The research group led by Li Guangliang of the Department of Information Science has made significant progress in the field of artificial intelligence and robotics.

Publisher:王乐水Update:2023-04-25Views:10

The research group led by Li Guangliang of the Department of Information Science

has made significant progress in the field of artificial intelligence and robotics.


Publishing time2022-12-20


Recently, the research group led by Li Guangliang from the Electronic Engineering School of the Faculty of Information Science and Engineering at China Ocean University has made significant progress in the fields of artificial intelligence and robotics. Their paper "Transferring Policy of Deep Reinforcement Learning from Simulation to Reality for Robotics" has been accepted and published by the international top academic journal Nature's sub-journal "Nature Machine Intelligence". "Nature Machine Intelligence" focuses on the most influential scientific research achievements in the field of artificial intelligence, machine learning, and robotics, with strict review standards, publishing approximately 100 lengthy papers each year.


Intelligence and autonomy are the current forefronts, hotspots, and difficult issues in robotics research around the world. As a new method of artificial intelligence, deep reinforcement learning imitates human trial-and-error learning mechanisms, allowing intelligent agents to autonomously learn and optimize control strategies through interaction with the external environment and experiences of trial and error, thereby improving robot intelligence and autonomy. In recent years, deep reinforcement learning has achieved great success in many fields, showing enormous potential in the field of autonomous robot control. However, on the one hand, artificial intelligence techniques such as deep reinforcement learning may pose risks, loss of control, or even harm to robots. On the other hand, the learning efficiency and safety of robots have become bottlenecks for the application of deep reinforcement learning to physical robot control.
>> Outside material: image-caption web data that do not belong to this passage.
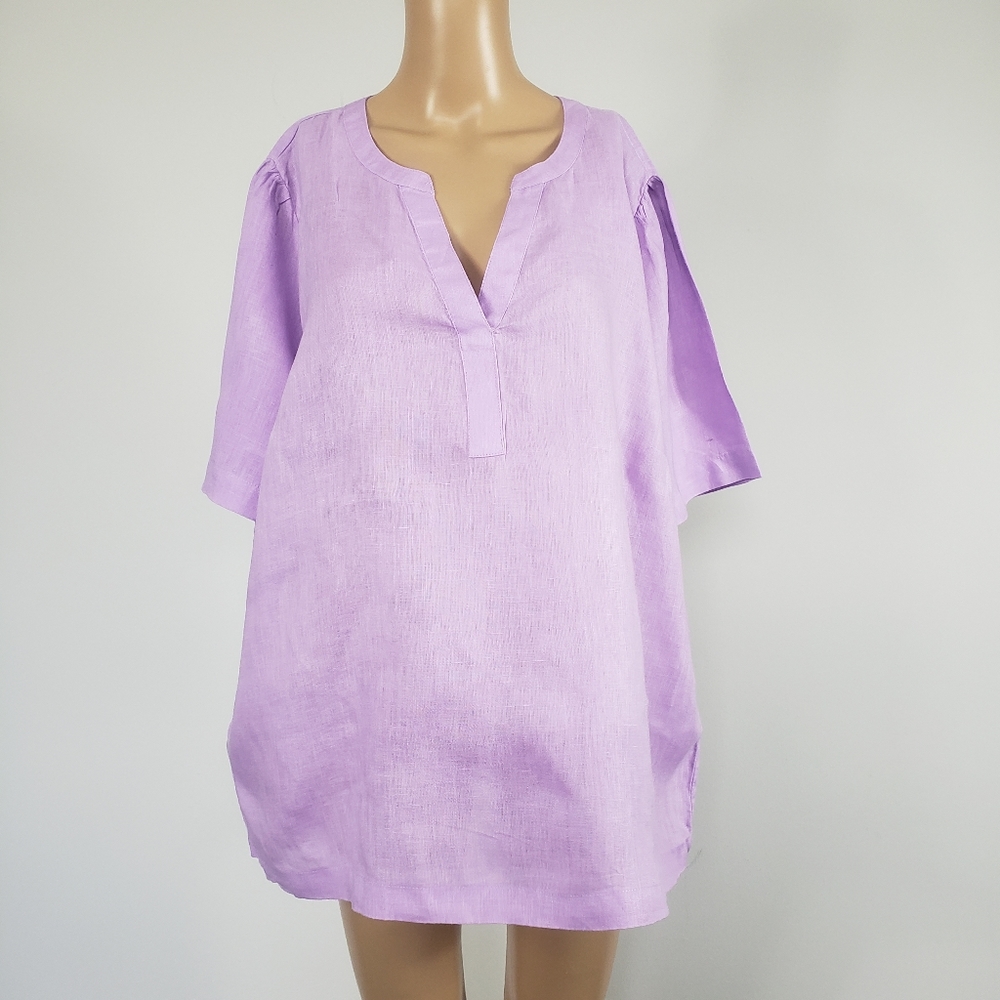 Charter Club linen short Sleeves top size 2XL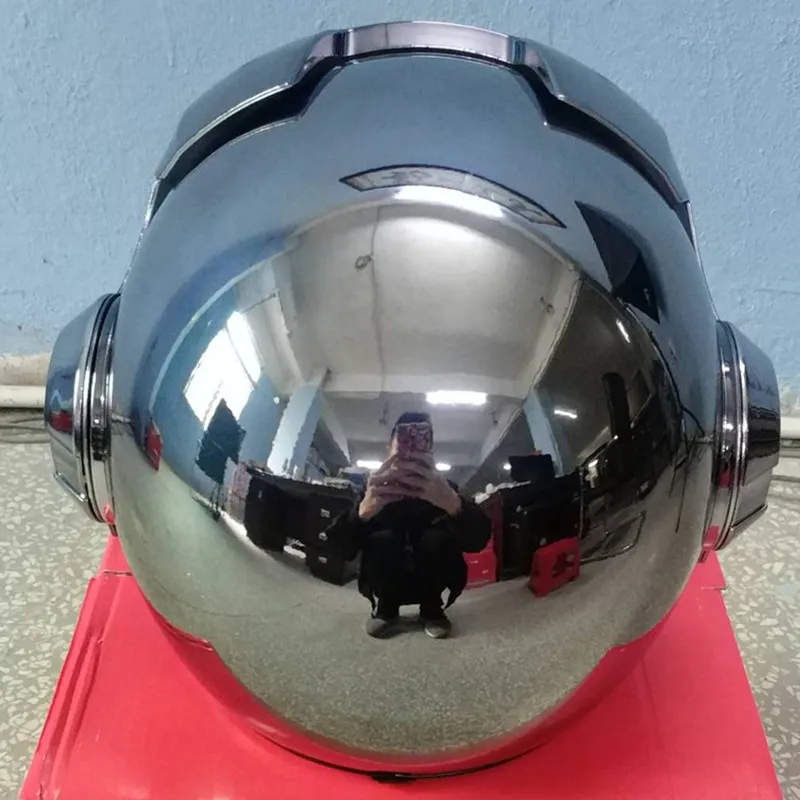 Masei велосипед Скутер moto Гальванизируйте серый железный человек Шлем rcycle шлем с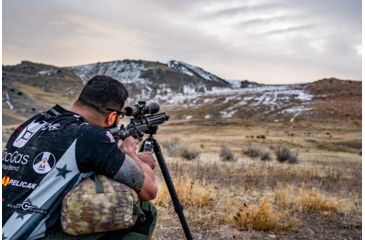 Image of Vortex Strike Eagle 5-25x56 mm Rifle Scope, 34 mm Tube, First Focal Plane, Black, Matte, Red EBR-7C MOA Reticle, MOA Adjustment, SE-52503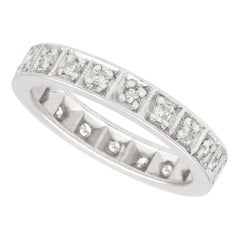 1940s Diamond and White Gold Full Eternity Ring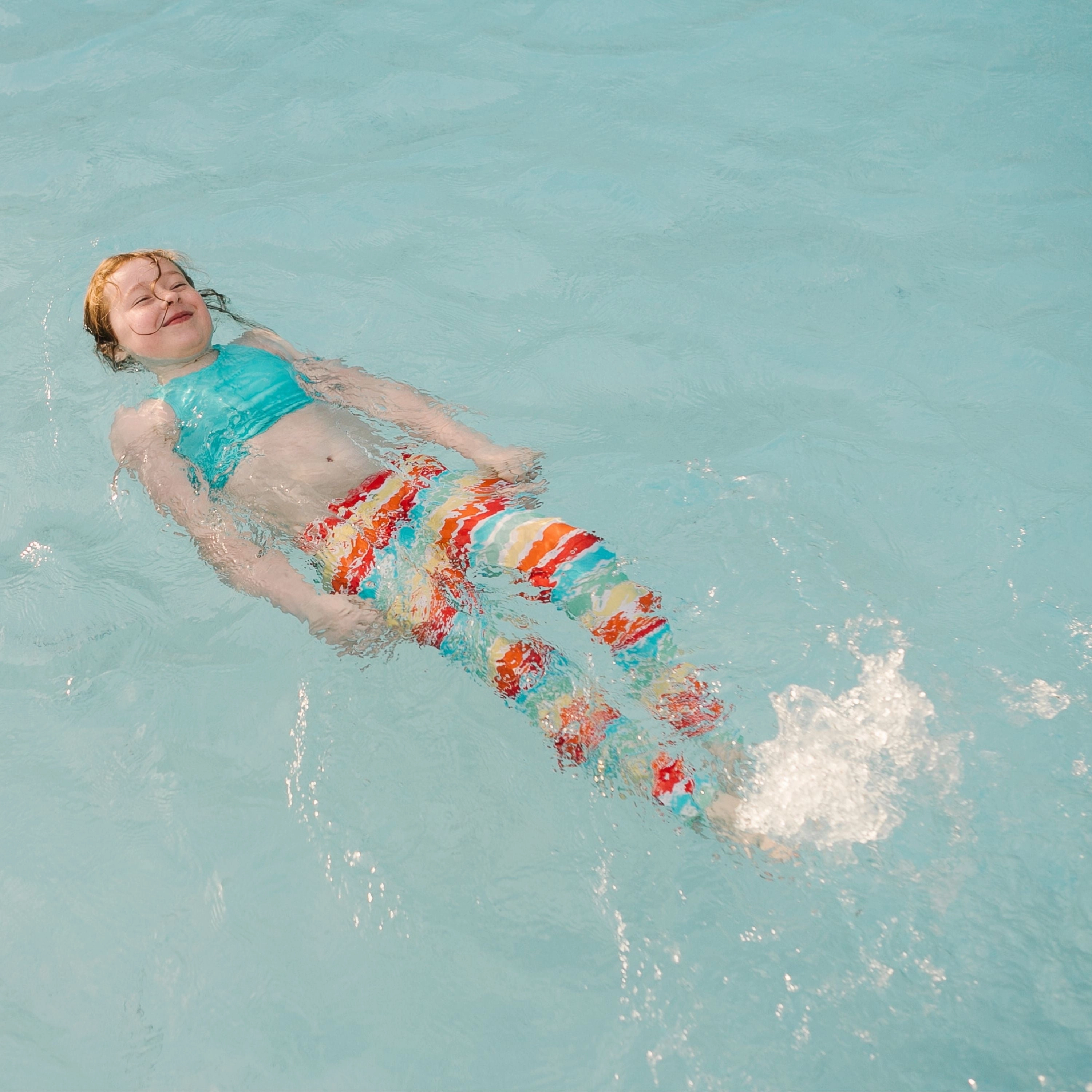Kids Swim Pants | "Rainbow"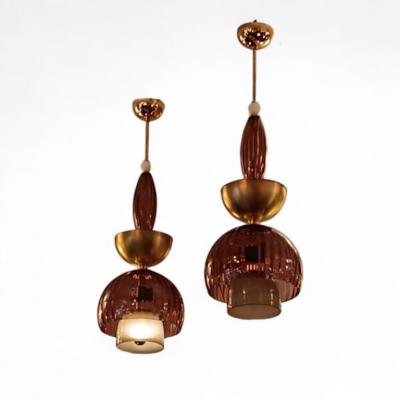 Malva Cup Lamps in Murano Glass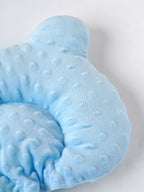 Popees Newborn Baby Head Pillow, Soft Cotton Infant Pillow for Crib & Stroller (color may vary depending on availability)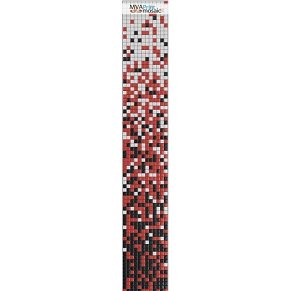 MVAPrintMosaic Растяжки 25RFL-S-171 Белый + Черный + Красный Мозаика 31,7х31,7 см (полоса 8 карт 31,7х31,7)
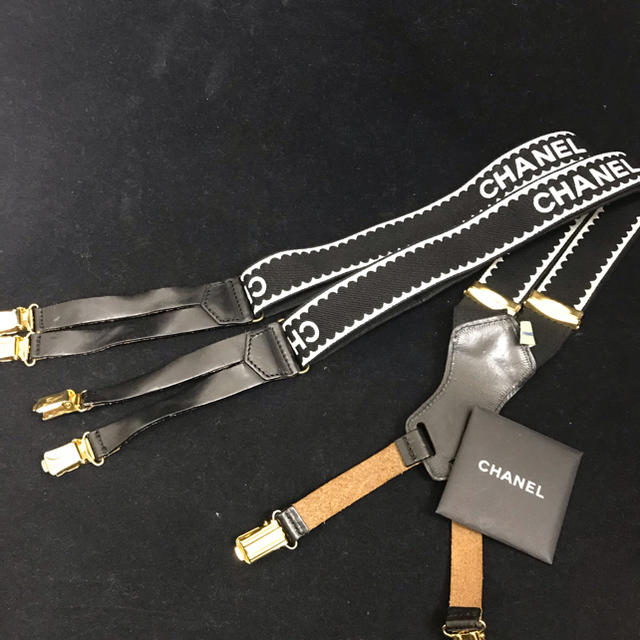 CHANEL(シャネル)のessentials様CHANEL シャネル ヴィンテージサスペンダー！ レディースのファッション小物(サスペンダー)の商品写真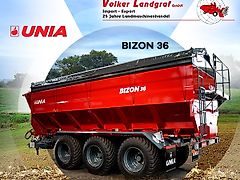 Unia BIZON 36 Überladewagen 36m³ Wiegesystem 31 to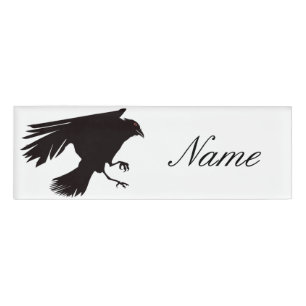 Black Raven Flying Thunder_Cove Name Tag
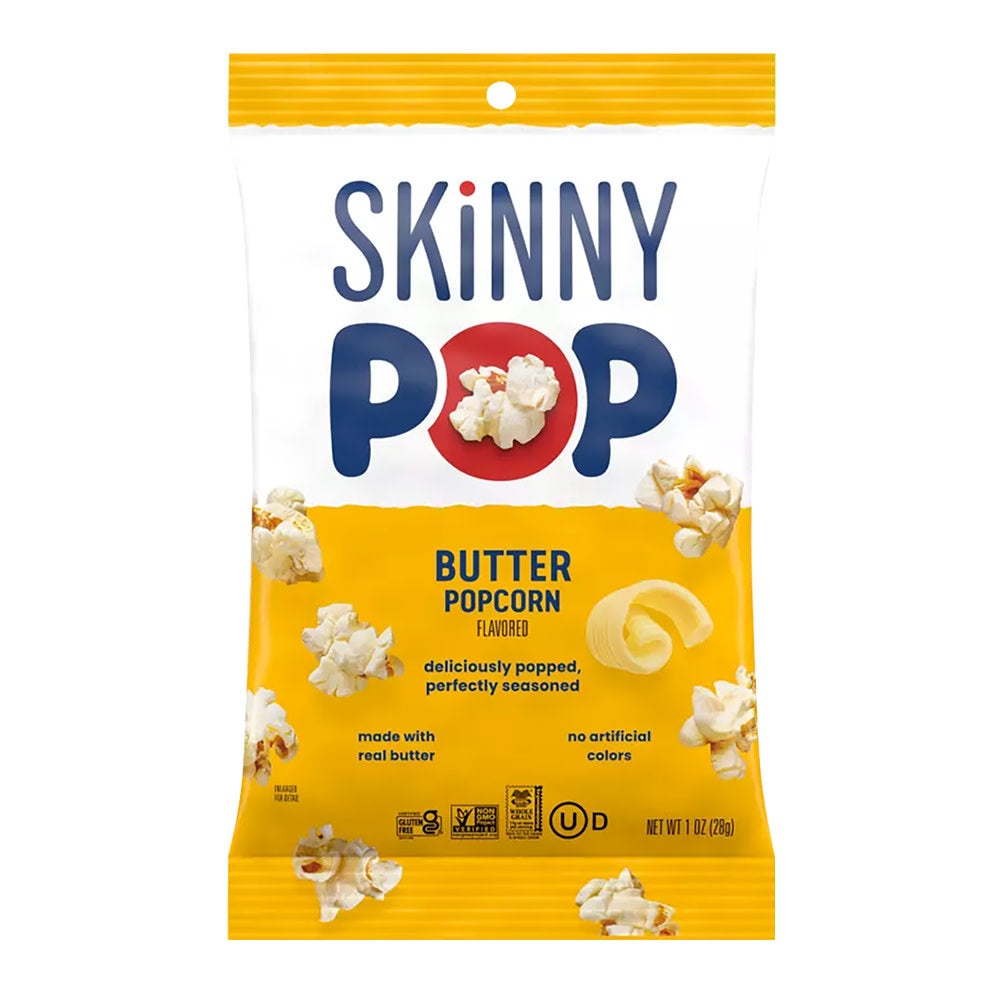 SKINNYPOP BUTTER POPCORN 1 OZ BAG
To address the above problems, the research group creatively proposed involving humans in the autonomous learning process of robots to improve the learning efficiency and control system confidence of robots. This approach has been successfully applied to the Socially Intelligent Robotics Consortium's Haru (a social service robot developed jointly by the research group, Honda R&D Co., Ltd., MIT, Imperial College London, and other researchers), single autonomous underwater vehicles (AUVs), and multi-AUV formation control. The relevant research results have been accepted and published by top international robotic and intelligent agent academic conferences, including ICRA (2021), IROS (2022, 2021), AAMAS (2021), and top international journals in the fields of ocean engineering such as "Ocean Engineering" (2022a, 2022b, 2021) and top journal in the field of intelligent agents and multi-agent systems - "Journal of AAMAS" (2020). ICRA and IROS are the largest and most influential robotics conferences worldwide, while Ocean Engineering is a top academic journal in the field of ocean engineering.


Although introducing human supervision and feedback can greatly improve the learning efficiency of robots, the long execution time of actions may still require a long time for physical robots to learn control strategies and may cause safety issues. Inspired by the transfer learning mechanisms in animal and human brains, the research group conducted in-depth research on transfer reinforcement learning methods from simulation to reality, proposing to further improve the learning efficiency of robots and reduce the risks of executing control strategies by fully utilizing simulation data.


In their paper published in "Nature Machine Intelligence," the research group conducted a thorough comparative analysis of the latest progress, common methods, principles, application backgrounds, and development status of transfer reinforcement learning methods from simulation to reality. They proposed applying ideas from various methods, such as system identification, inverse reinforcement learning, interactive reinforcement learning, robust reinforcement learning, offline and online reinforcement learning, to the field of transfer reinforcement learning from simulation to reality. This will help to investigate more efficient transfer reinforcement learning methods and has important practical significance for accelerating the implementation of deep reinforcement learning in intelligent robot control.


For example, to solve the problem of mismatch between observation states or dynamic models in virtual and real environments, domain randomization provides rich experience for training robot control strategies by randomly adding biases and noise to visual images and dynamic parameters, achieving one-time transfer from virtual policies to real environments.


Principles and Applications of Domain Randomization.

Associate Professor Li Guangliang is the sole corresponding author of the paper, while graduate students Ju Hao and Jun Rongshun are co-first authors. China Ocean University is the first author and corresponding author unit. Li Guangliang's research group focuses on deep reinforcement learning and its applications in robotics. In recent years, they have made a series of research achievements in fields such as human-in-the-loop reinforcement learning, transfer reinforcement learning from simulation to reality, and multi-agent reinforcement learning, which has had a significant impact on relevant fields at home and abroad. The related research work was supported by the National Natural Science Foundation of China, Shandong Provincial Natural Science Foundation, and Honda Research Institute Japan.